刊行物

PUBLICATIONS

アジアと日本における半導体・次世代産業の新展開

執筆者 岸本 千佳司
所 属 アジア成長研究所
発行年月 2018年3月
No. 2017-06
ダウンロード 8760KB

内容紹介

本報告書は、公益財団法人アジア成長研究所(AGI)の研究プロジェクト「アジアと日本における半導体・次世代産業の新展開」(2017年度実施)の成果である。近年、経済のグローバル化・デジタル化に伴い、ビジネスのあり方が根本的に変容し、(特にアジアの)新興国の台頭と日本の地位の相対的低下が顕著となっている。過去数年間、AGIの研究プロジェクトあるいは科研費等のプロジェクトを通じ、主に台湾の半導体・電子産業に焦点を絞り分析してきた(その成果として、昨年、拙著『台湾半導体企業の競争戦略−戦略の進化と能力構築−』日本評論社が刊行された)。本プロジェクトでは、これを踏まえ、台湾を含むアジア(主に中国)と日本の半導体・次世代産業の新たな動向について研究することを課題とする。ただし、こうした広範囲にわたるテーマは、単年のプロジェクトでは到底し終えることは出来ず、今後数年間をかけて、若干フォーカスをシフトさせつつ探究する必要がある。そこで2017年度は、台湾における次世代産業推進の取組を中心に研究した。

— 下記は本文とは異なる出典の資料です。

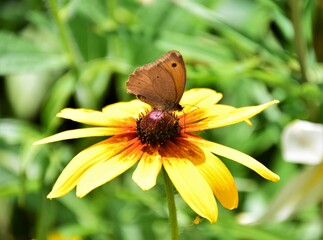 Obraz premium butterfly on yellow flower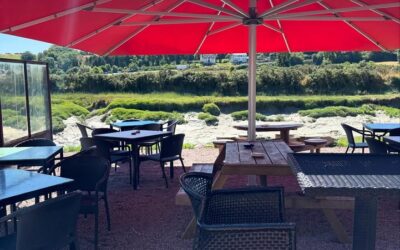 Vendredi-15-aout-Le-Bistrot-Za-Huitres-sera-ouvert-1-122196980306288953-400x250 - Alain Audineau ostreiculteur Vendredi-15-aout-Le-Bistrot-Za-Huitres-sera-ouvert-1-122196980306288953-400x250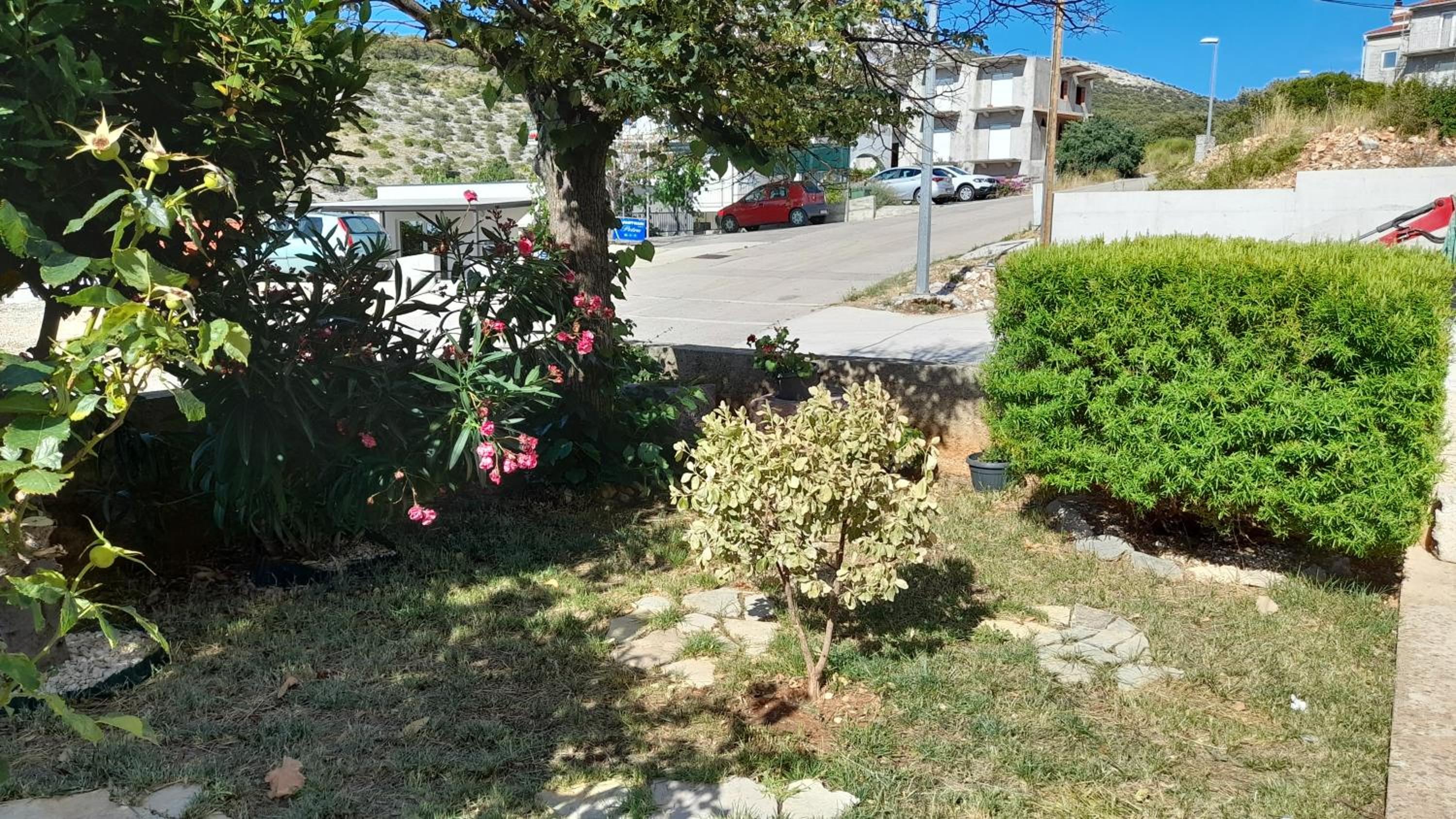 Photo 43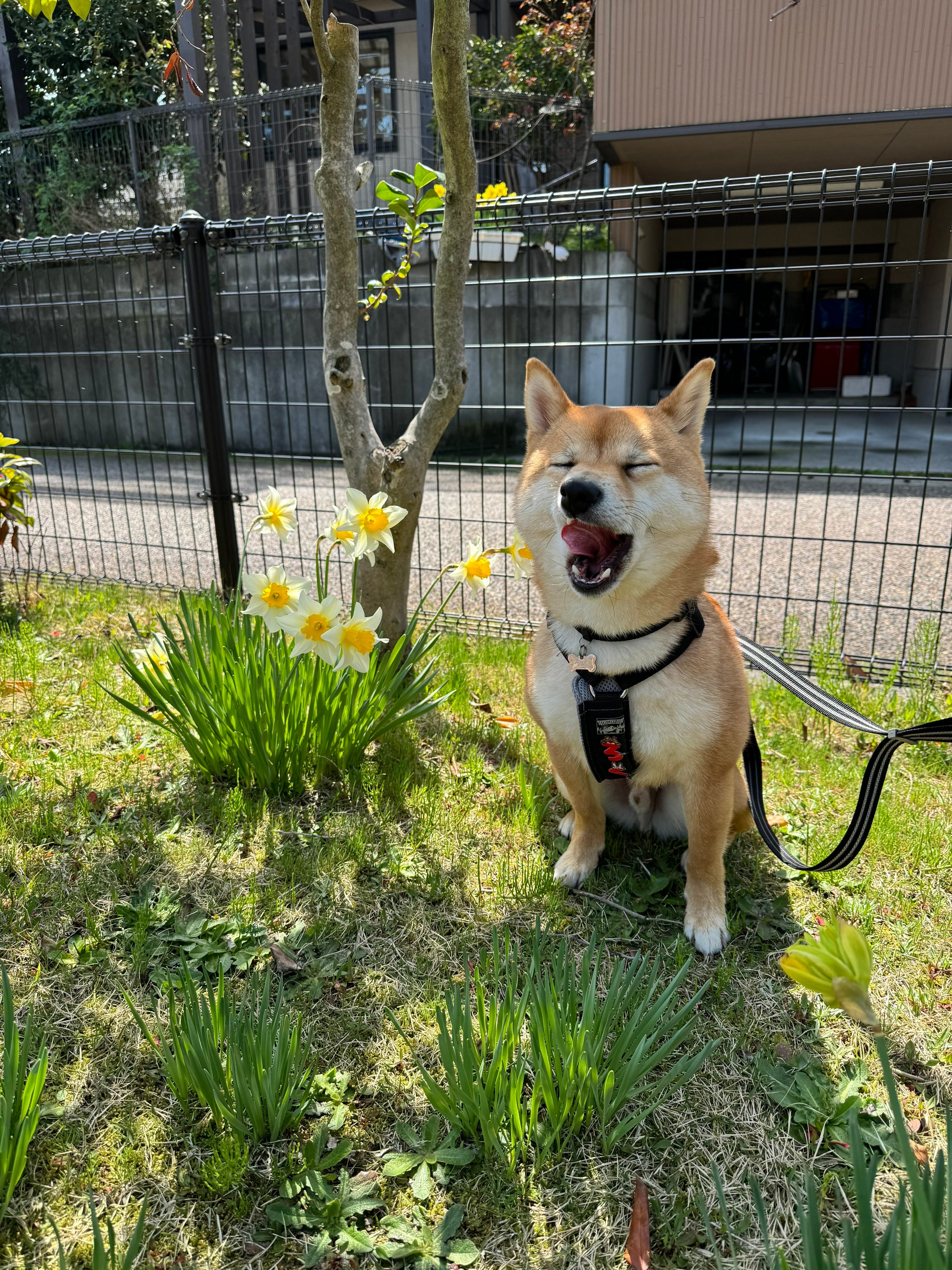 あくびをするろくくん（柴犬 ろくさんのXアカウントより）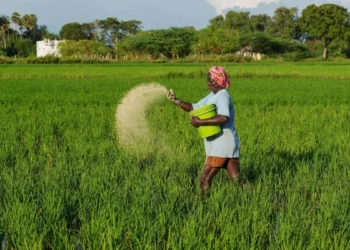 Centre launches e-bill platform to process ₹2 lakh crore fertiliser subsidies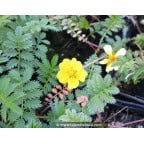 POTENTILLA anserina POTENTILLA anserina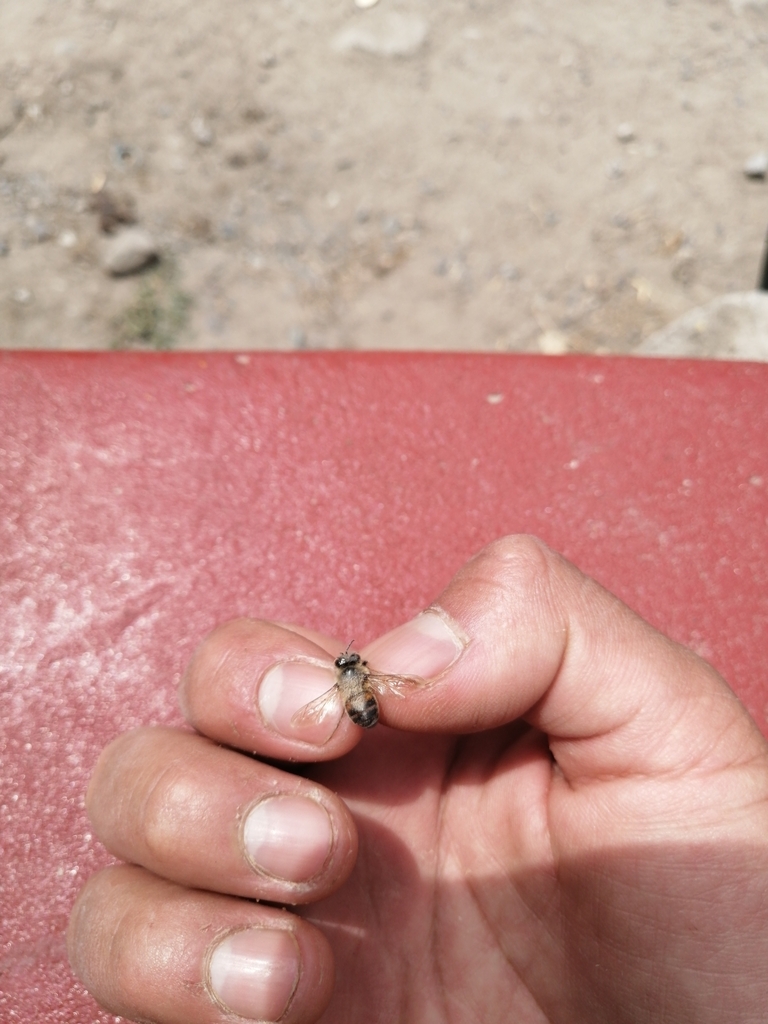 Western Honey Bee from 4H85+JG5, San Jeronimo de Surco 15555, Perú on ...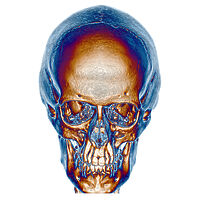 あ*の様 archive Roen scull design real leat Skulls and Skeletons: An Image Archive for Artists and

台湾は、過去30年ほど半導体産業を含むエレクトロニクス産業(ハードウェアの製造業中心)を主な原動力として成長してきた。近年、こうした成長モデルにやや陰りがみえ、次世代産業育成の必要性が叫ばれている。なかでも、IoTやインターネット・ビジネスは、台湾にとっても今後大きなビジネスチャンスをもたらすものとして重視される。加えて、新産業の担い手としてベンチャー企業の育成が強調されている。その際、その国・地域特有の「ベンチャーエコシステム」に注目すべきことが、近年の関連分野の研究で指摘される。ベンチャーエコシステムとは、様々な関連支援アクター(大学/研究機関、経営支援専門家、ベンチャーキャピタル、既存大手企業、政府の支援策等)によって構成される起業家・ベンチャー企業の立ち上げと順調な成長をサポートする仕組みである。これを踏まえ、本報告書では、台湾におけるベンチャーエコシステムの発展を次世代産業推進の取組と関連させて詳細に分析する(第2章)。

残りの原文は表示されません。